Membros permanentes têm atribuições específicas

Do ponto de vista prático e imediato Pazeto, destaca que “como convidado, a União Africana, ou qualquer ente convidado, país ou organização, não pode bloquear decisões, que ocorrem no G20 por consenso.  A partir de agora, como membro efetivo, a União Africana poderá fazê-lo, por exemplo. Esse fato traz um empoderamento fundamental”.

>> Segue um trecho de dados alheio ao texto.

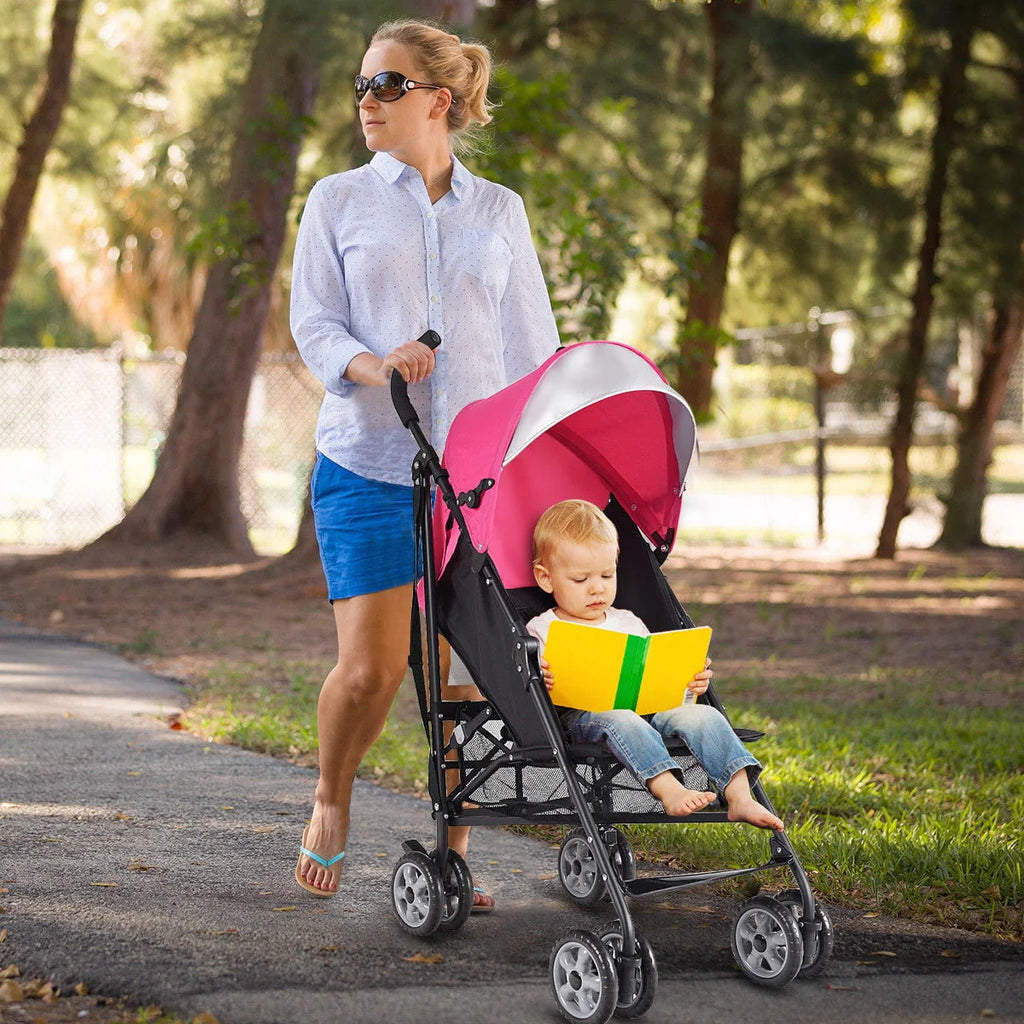 Folding Lightweight Umbrella Stroller with Storage Basket Black R422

Pazeto explica ainda que o Brasil apoia o ingresso da União Africana e defende que os temas da África estejam cada vez mais presentes na agenda do G20: “um primeiro passo foi admitir a União Africana. Qual é o passo da presidência do Brasil? Garantir que temas de interesse da África passem a estar de maneira mais sólida na agenda do G20”, finaliza

A participação de blocos regionais como a União Africana e a União Europeia traz à mesa do G20 uma representação coletiva que transcende números e indicadores populacionais, demográficos, econômicos e sociais. Sua presença destaca a importância de se considerar as realidades de regiões inteiras nas decisões, apesar dos desafios que enfrentam para harmonizar posições internas e influenciar a agenda global. 

Essa abordagem coletiva pode impulsionar discussões sobre desenvolvimento sustentável, comércio justo e outras questões que afetam diretamente os países membros desses blocos. Paralelamente, guarda consonância com as prioridades da presidência brasileira: o combate à fome e à pobreza;  a promoção do desenvolvimento sustentável; e a reforma das instituições de governança global.